◆ **TASK DESCRIPTION**
The printed result should hold only the lines from the opening of the data through the line bearing "3800 Lumens HD LED Projector - Black", exactly as given and without pictures.

◆ **RECORDS**

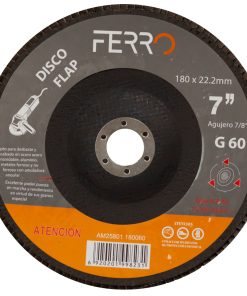 DISCO FLAP 7X2.2X60 FERRO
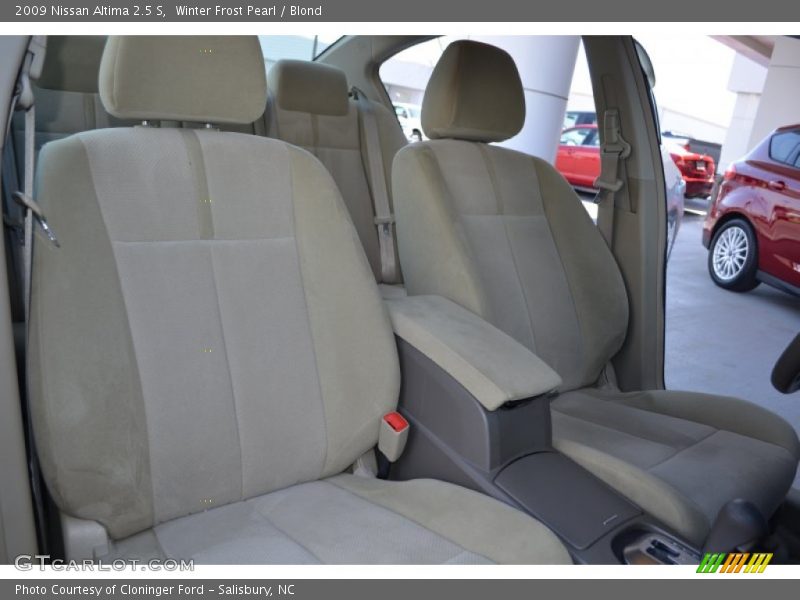Winter Frost Pearl / Blond 2009 Nissan Altima 2.5 S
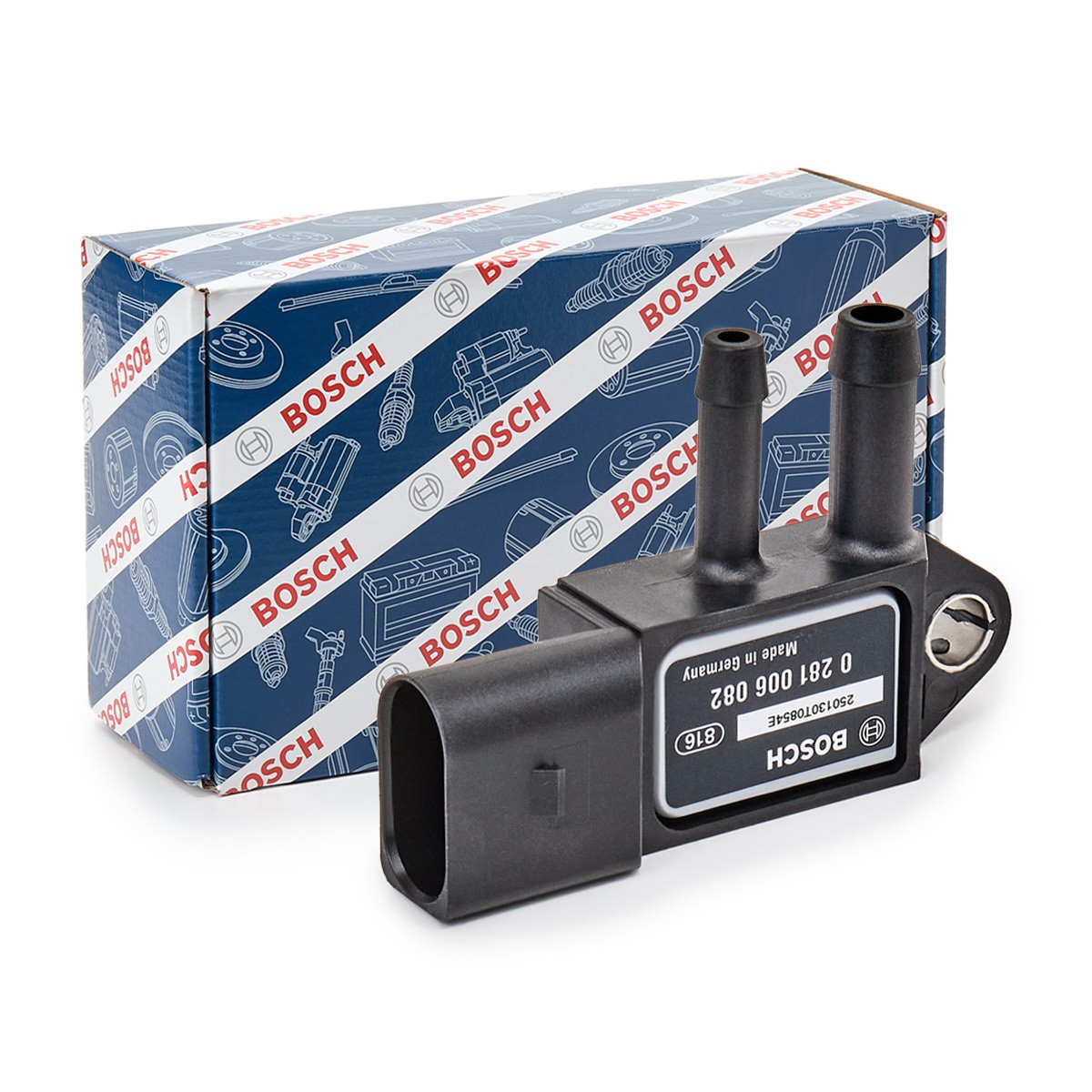 Sensor, exhaust pressure BOSCH 0 281 006 082 BOSCH 0 281 006 082 SEAT IBIZA 2015 exhaust pressure sensor price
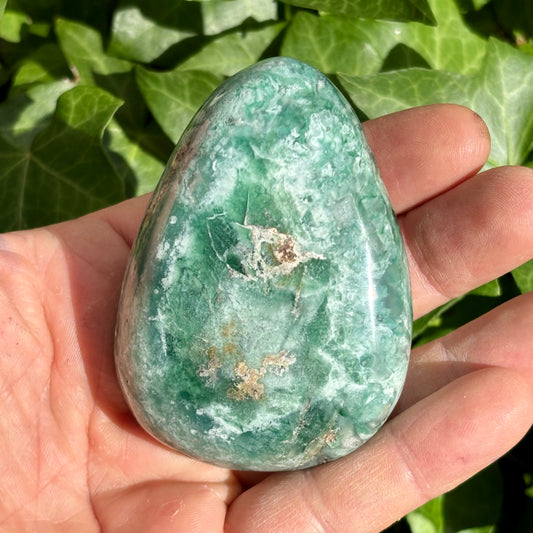 Billede af Krom Chalcedon palmstone | 7,5 cm nr 3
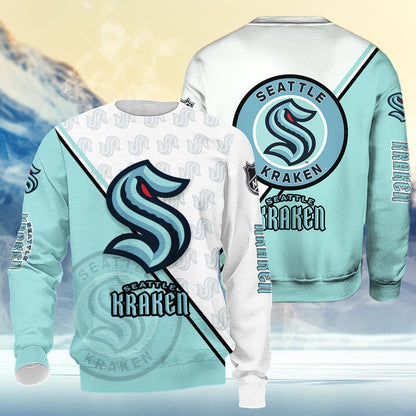 Seattle Kraken Logo 3d Clothing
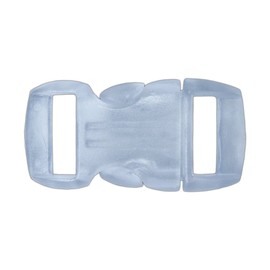 Paracord Planet 3/8 Inch Contoured Side Release Buckles Including Neon, Clear (Transparent), Glow in The Dark - Choose from 5, 10, 20 Packs - 30+ Colors (Clear White, 10 Pack)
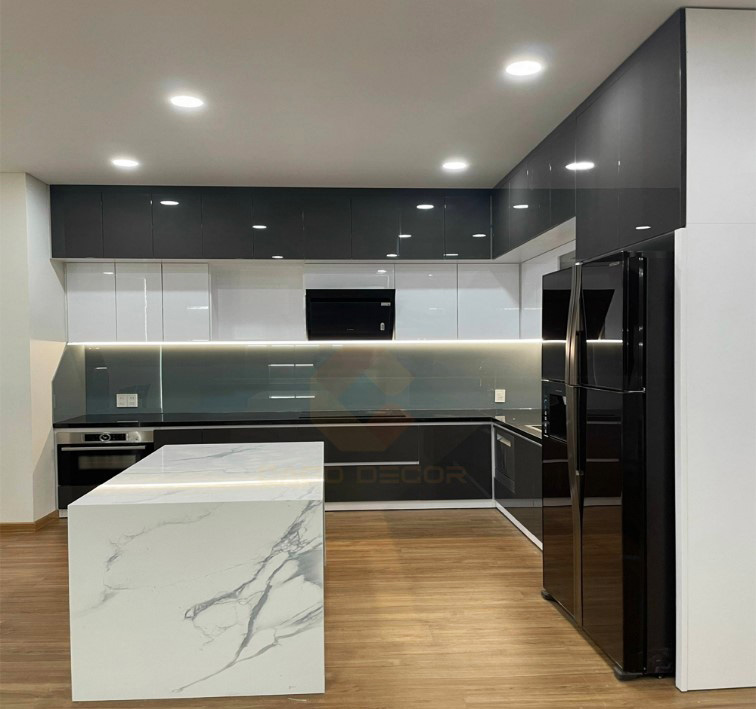 Quầy bar gỗ công nghiệp phủ Acrylic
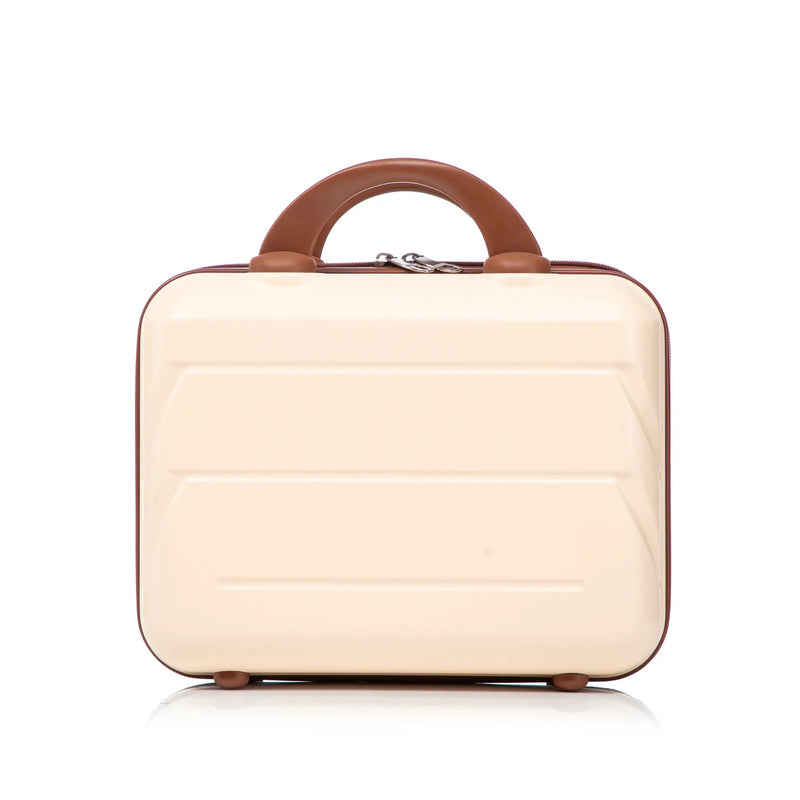14'/20' 2-Piece Beige ABS Spinner Wheel Luggage Set by HouseOfZazla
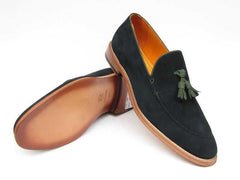 Paul Parkman Men's Tassel Loafer Green Suede Shoes (ID#087-GREEN) - Honesty Sales
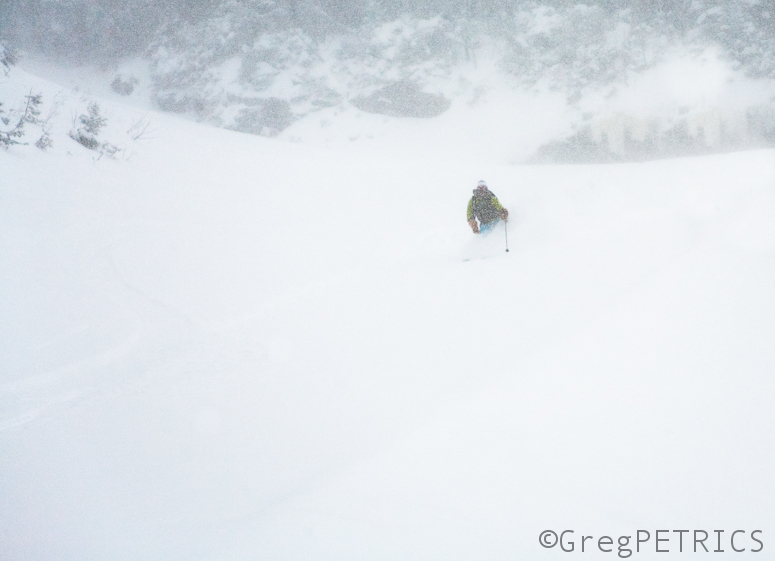 best snow on Saturday was in sheltered areas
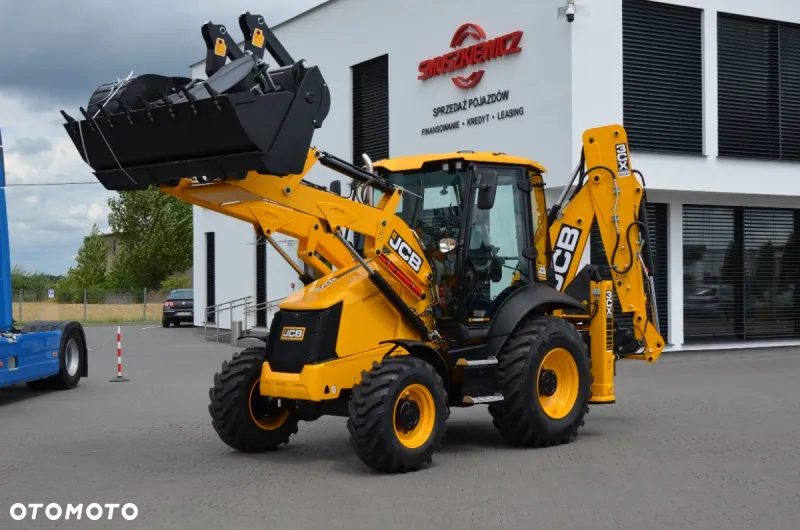 JCB WYNAJEM DŁUGOTERMINOWY 3CX AEC 2024r KLIMA, SZYBKOZŁĄCZE, 3 ŁYŻKI, UCHYLNA SKARPÓWKA - 2
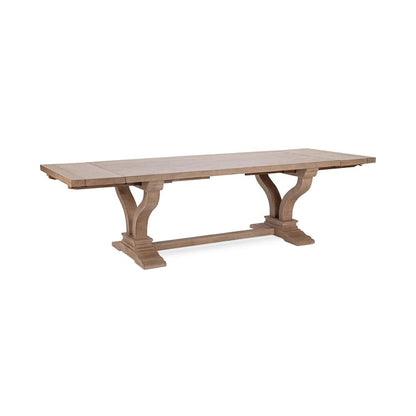 Classic Home  - Alexander 110in Extendable Reclaimed Pine Dining Table - Antique Beige - 51005407 veiw 6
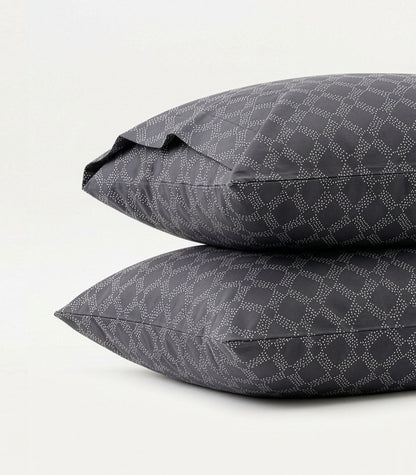 Percale Pillow Cases (Pair) - Limited Edition - Large Dot Slate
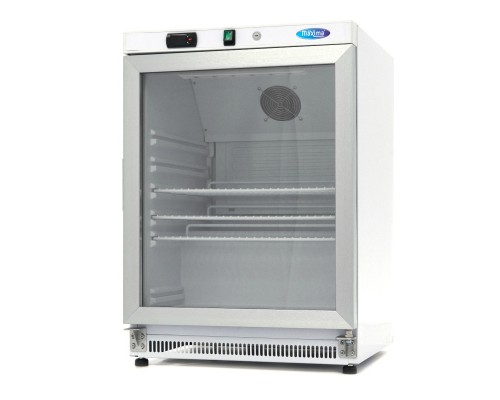 Fridge - 200L - White - with Glass Door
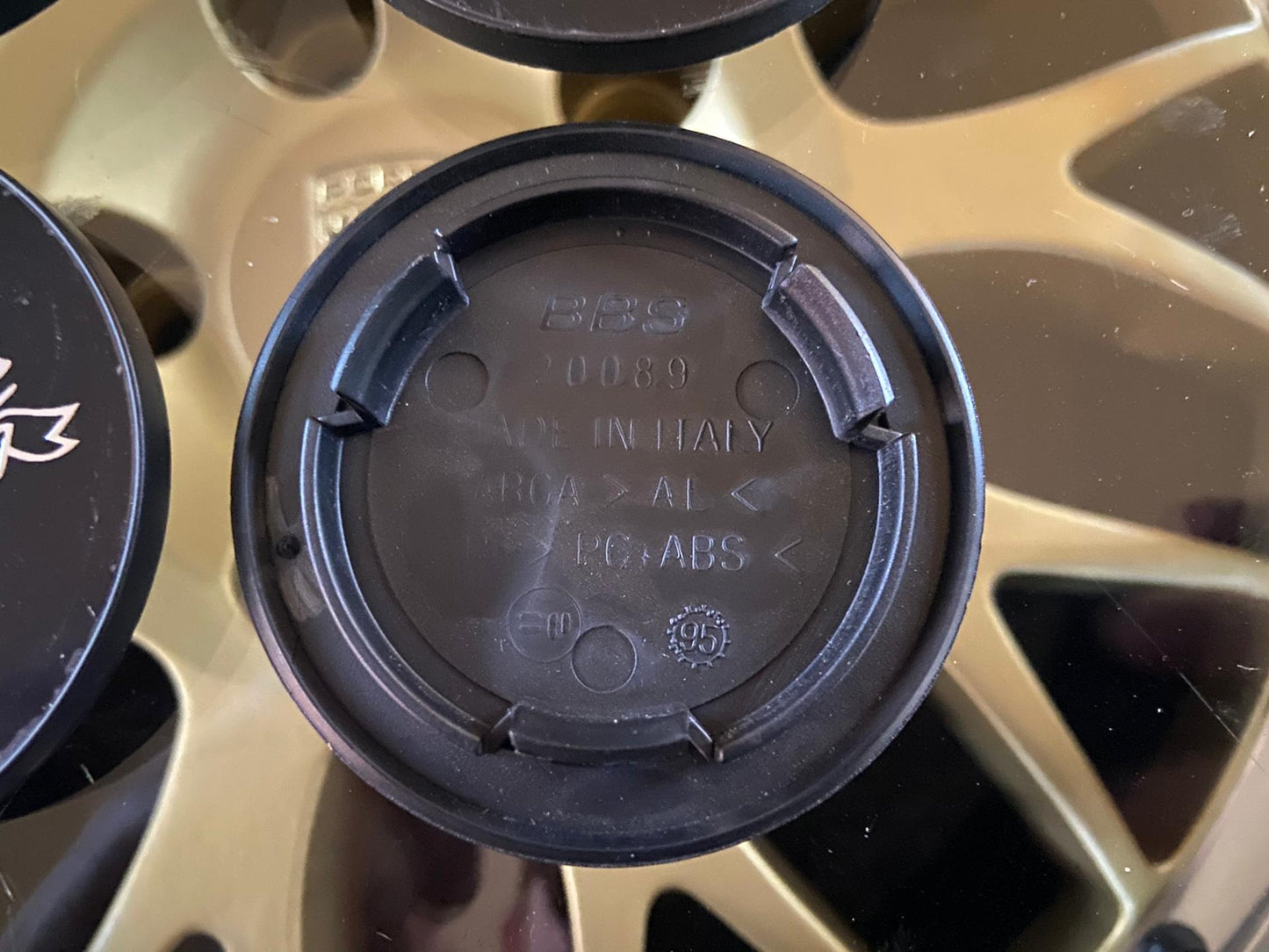 BBS 70.6mm 25th Anniversary Centercaps Badges Logos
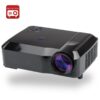 3800 Lumens HD LED Projector - Black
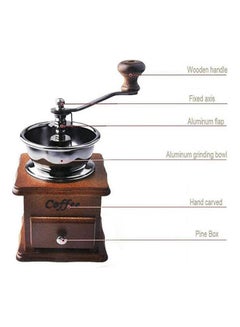 Generic Coffee Mill Grinder Coffee Maker Manual Brown-Silver  - Image 3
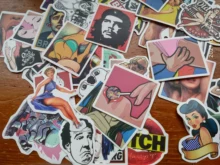 VANMAXX 50 Uds chicas pegatinas de grafiti calcomanía de vinilo a prueba de agua para casco para portátil equipaje de bicicleta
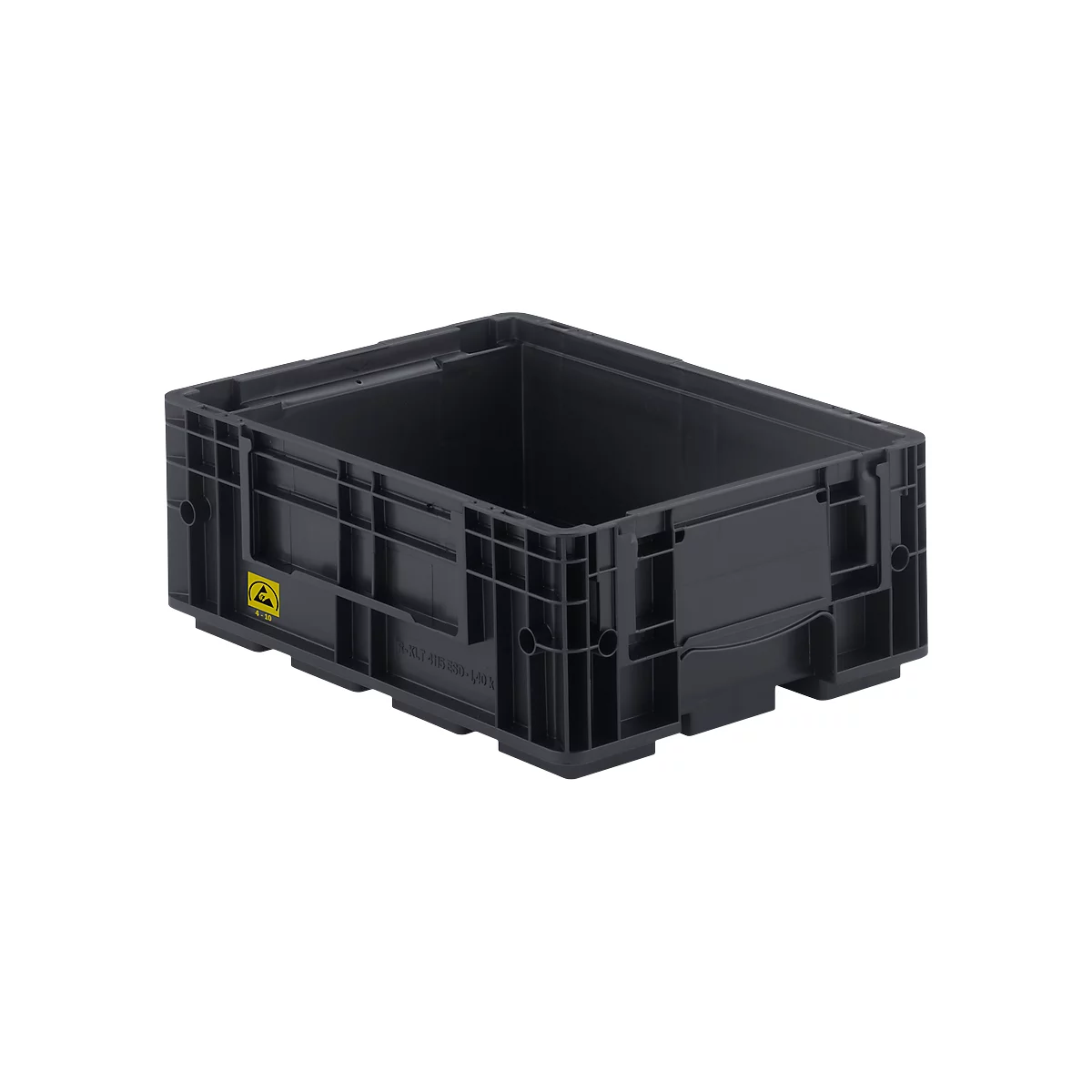 Eurobak R-KLT 4115, kunststof, B 400 x D 300 mm, tot 20 kg, zwart geleidend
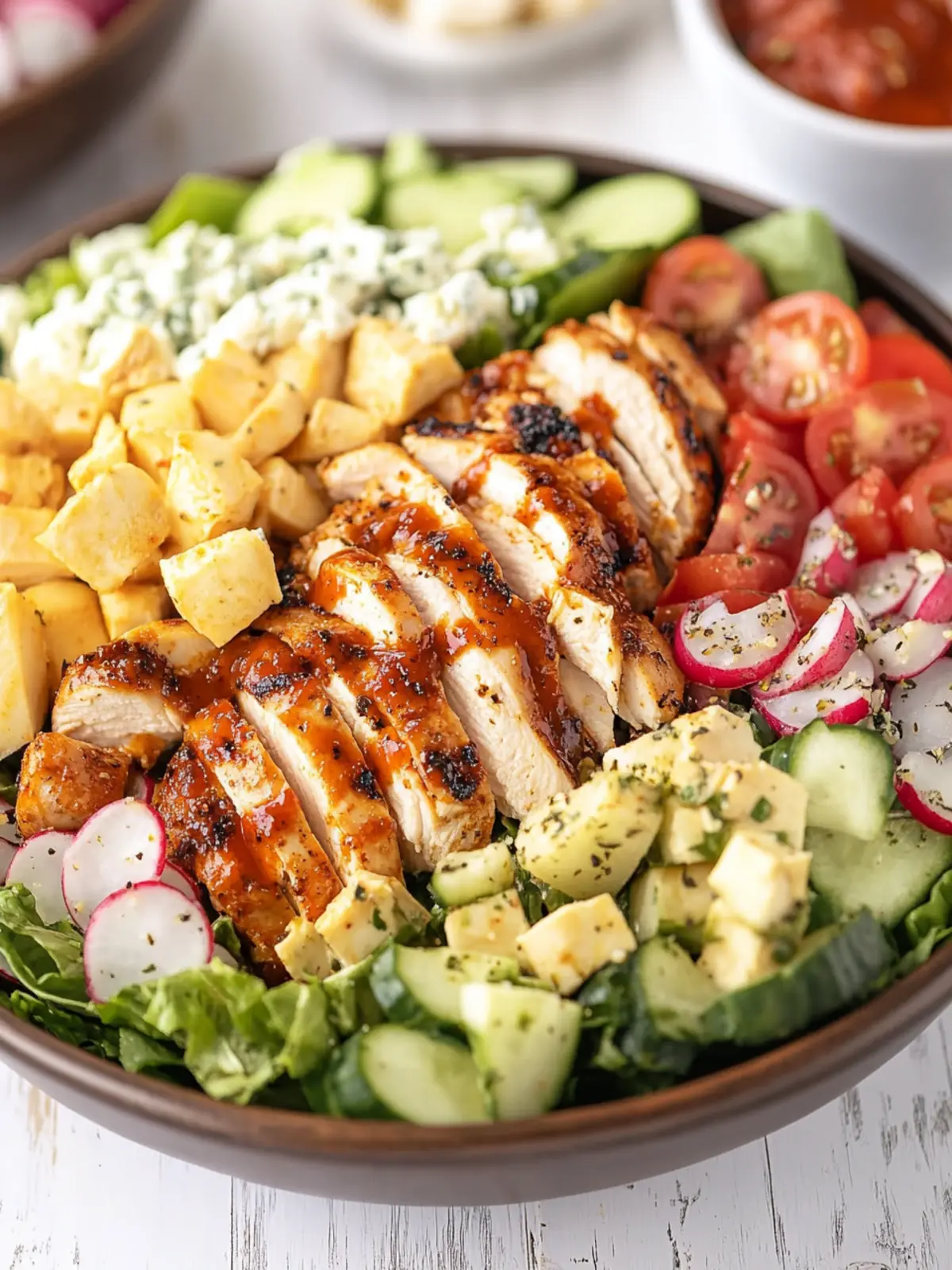 Delicious Blackened Chicken Cobb Salad for Perfect Meal Prep 3 Blackened Chicken Cobb Salad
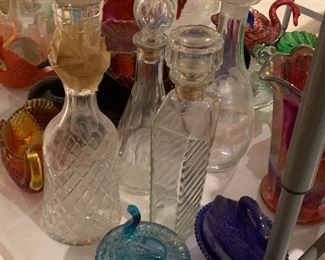 Vintage decanters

◆ **TASK ANSWER**
 DISCO FLAP 7X2.2X60 FERRO
Winter Frost Pearl / Blond 2009 Nissan Altima 2.5 S
 Sensor, exhaust pressure BOSCH 0 281 006 082 BOSCH 0 281 006 082 SEAT IBIZA 2015 exhaust pressure sensor price
 Billede af Krom Chalcedon palmstone | 7,5 cm nr 3
 Seattle Kraken Logo 3d Clothing
 Paracord Planet 3/8 Inch Contoured Side Release Buckles Including Neon, Clear (Transparent), Glow in The Dark - Choose from 5, 10, 20 Packs - 30+ Colors (Clear White, 10 Pack)
 Quầy bar gỗ công nghiệp phủ Acrylic
14'/20' 2-Piece Beige ABS Spinner Wheel Luggage Set by HouseOfZazla
 Paul Parkman Men's Tassel Loafer Green Suede Shoes (ID#087-GREEN) - Honesty Sales
 best snow on Saturday was in sheltered areas
 JCB WYNAJEM DŁUGOTERMINOWY 3CX AEC 2024r KLIMA, SZYBKOZŁĄCZE, 3 ŁYŻKI, UCHYLNA SKARPÓWKA - 2
 Classic Home  - Alexander 110in Extendable Reclaimed Pine Dining Table - Antique Beige - 51005407 veiw 6
 Percale Pillow Cases (Pair) - Limited Edition - Large Dot Slate
 Fridge - 200L - White - with Glass Door
 BBS 70.6mm 25th Anniversary Centercaps Badges Logos
 3800 Lumens HD LED Projector - Black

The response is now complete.